From the first line onward, reproduce the records exactly; the final line to include is the one holding "Jessica Biel Nahé".

Data for analysis Block Start

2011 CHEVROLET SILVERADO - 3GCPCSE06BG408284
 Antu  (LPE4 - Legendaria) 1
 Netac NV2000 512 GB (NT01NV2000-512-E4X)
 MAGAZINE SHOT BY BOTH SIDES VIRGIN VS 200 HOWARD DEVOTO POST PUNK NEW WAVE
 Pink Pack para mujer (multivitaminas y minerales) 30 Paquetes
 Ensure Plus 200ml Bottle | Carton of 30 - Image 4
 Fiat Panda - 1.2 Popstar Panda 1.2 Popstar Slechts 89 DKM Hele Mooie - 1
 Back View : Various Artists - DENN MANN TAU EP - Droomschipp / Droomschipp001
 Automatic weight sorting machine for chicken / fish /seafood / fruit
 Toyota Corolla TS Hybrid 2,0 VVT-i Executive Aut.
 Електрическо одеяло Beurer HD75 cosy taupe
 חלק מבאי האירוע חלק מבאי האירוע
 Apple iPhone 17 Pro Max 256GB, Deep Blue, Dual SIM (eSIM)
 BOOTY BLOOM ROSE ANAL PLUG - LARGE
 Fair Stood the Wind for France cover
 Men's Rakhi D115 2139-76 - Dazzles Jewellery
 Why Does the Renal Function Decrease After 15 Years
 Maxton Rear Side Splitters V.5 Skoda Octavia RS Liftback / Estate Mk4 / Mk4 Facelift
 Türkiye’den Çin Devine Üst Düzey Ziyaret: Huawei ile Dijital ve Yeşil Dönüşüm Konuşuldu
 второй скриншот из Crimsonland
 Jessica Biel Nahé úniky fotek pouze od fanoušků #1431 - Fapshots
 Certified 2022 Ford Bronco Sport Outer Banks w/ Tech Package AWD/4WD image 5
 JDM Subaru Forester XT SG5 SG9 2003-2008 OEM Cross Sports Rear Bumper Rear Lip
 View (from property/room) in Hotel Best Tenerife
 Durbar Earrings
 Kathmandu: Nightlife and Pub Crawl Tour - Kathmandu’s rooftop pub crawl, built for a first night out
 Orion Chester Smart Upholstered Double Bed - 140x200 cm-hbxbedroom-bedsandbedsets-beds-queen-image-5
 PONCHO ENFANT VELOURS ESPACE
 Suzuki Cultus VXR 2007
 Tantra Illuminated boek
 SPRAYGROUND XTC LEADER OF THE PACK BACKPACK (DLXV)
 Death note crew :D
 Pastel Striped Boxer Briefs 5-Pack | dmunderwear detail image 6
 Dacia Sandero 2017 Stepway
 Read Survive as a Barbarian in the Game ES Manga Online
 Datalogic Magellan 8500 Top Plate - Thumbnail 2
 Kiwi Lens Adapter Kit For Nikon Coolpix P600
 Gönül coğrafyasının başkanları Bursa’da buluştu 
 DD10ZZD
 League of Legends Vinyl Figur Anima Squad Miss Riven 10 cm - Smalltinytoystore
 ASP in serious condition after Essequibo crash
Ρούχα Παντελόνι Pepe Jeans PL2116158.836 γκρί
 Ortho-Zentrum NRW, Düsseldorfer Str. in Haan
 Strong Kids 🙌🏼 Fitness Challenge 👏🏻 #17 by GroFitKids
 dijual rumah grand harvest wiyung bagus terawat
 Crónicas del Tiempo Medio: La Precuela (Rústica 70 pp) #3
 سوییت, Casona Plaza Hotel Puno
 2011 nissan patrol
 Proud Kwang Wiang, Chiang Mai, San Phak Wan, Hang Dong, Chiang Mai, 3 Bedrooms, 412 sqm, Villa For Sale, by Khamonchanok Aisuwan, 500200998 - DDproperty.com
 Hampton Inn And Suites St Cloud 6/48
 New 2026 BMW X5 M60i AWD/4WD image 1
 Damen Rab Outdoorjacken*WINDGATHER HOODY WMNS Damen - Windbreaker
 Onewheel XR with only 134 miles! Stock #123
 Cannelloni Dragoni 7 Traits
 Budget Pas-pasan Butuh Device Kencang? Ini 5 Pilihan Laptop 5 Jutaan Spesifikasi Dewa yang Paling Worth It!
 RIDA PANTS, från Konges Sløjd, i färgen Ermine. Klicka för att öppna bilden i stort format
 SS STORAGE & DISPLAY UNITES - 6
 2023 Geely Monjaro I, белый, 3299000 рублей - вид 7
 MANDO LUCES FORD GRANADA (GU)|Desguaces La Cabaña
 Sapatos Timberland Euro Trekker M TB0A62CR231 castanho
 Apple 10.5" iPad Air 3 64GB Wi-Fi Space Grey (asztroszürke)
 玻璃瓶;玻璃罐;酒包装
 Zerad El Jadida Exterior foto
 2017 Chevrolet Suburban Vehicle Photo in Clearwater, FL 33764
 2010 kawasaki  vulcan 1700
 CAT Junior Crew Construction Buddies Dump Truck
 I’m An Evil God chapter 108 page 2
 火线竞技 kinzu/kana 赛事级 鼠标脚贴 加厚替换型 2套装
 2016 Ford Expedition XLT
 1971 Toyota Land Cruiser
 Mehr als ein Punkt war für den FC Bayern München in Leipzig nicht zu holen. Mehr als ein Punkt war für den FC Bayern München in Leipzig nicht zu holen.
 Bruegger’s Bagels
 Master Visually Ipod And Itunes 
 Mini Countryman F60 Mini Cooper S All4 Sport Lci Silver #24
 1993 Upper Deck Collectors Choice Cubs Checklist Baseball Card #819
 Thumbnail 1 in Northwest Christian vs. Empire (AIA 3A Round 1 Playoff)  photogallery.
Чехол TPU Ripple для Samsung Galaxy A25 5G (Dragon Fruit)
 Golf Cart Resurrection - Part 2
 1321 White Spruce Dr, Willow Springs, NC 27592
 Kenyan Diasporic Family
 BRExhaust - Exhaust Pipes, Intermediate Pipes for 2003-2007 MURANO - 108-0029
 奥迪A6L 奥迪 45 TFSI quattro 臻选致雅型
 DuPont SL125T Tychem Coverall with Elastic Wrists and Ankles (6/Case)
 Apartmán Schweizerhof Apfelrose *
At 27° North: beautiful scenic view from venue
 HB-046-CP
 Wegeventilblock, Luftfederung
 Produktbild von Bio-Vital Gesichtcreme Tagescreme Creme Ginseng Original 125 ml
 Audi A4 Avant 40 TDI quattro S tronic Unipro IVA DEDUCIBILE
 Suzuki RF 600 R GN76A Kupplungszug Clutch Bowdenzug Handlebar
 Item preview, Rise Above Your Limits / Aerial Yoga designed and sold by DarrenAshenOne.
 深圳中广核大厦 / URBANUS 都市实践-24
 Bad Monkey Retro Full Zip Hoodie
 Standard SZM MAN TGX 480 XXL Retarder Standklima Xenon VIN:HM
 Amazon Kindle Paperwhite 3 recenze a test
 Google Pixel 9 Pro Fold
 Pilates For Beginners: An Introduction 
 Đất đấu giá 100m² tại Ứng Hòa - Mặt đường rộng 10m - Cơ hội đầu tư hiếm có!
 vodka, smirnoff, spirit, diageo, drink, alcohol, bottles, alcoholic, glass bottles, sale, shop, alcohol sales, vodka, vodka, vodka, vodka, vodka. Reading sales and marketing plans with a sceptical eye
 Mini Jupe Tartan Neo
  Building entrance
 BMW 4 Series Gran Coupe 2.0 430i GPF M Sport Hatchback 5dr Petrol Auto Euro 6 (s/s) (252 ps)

Data for analysis Block End

§ **Output of the task**:
2011 CHEVROLET SILVERADO - 3GCPCSE06BG408284
 Antu  (LPE4 - Legendaria) 1
 Netac NV2000 512 GB (NT01NV2000-512-E4X)
 MAGAZINE SHOT BY BOTH SIDES VIRGIN VS 200 HOWARD DEVOTO POST PUNK NEW WAVE
 Pink Pack para mujer (multivitaminas y minerales) 30 Paquetes
 Ensure Plus 200ml Bottle | Carton of 30 - Image 4
 Fiat Panda - 1.2 Popstar Panda 1.2 Popstar Slechts 89 DKM Hele Mooie - 1
 Back View : Various Artists - DENN MANN TAU EP - Droomschipp / Droomschipp001
 Automatic weight sorting machine for chicken / fish /seafood / fruit
 Toyota Corolla TS Hybrid 2,0 VVT-i Executive Aut.
 Електрическо одеяло Beurer HD75 cosy taupe
 חלק מבאי האירוע חלק מבאי האירוע
 Apple iPhone 17 Pro Max 256GB, Deep Blue, Dual SIM (eSIM)
 BOOTY BLOOM ROSE ANAL PLUG - LARGE
 Fair Stood the Wind for France cover
 Men's Rakhi D115 2139-76 - Dazzles Jewellery
 Why Does the Renal Function Decrease After 15 Years
 Maxton Rear Side Splitters V.5 Skoda Octavia RS Liftback / Estate Mk4 / Mk4 Facelift
 Türkiye’den Çin Devine Üst Düzey Ziyaret: Huawei ile Dijital ve Yeşil Dönüşüm Konuşuldu
 второй скриншот из Crimsonland
 Jessica Biel Nahé úniky fotek pouze od fanoušků #1431 - Fapshots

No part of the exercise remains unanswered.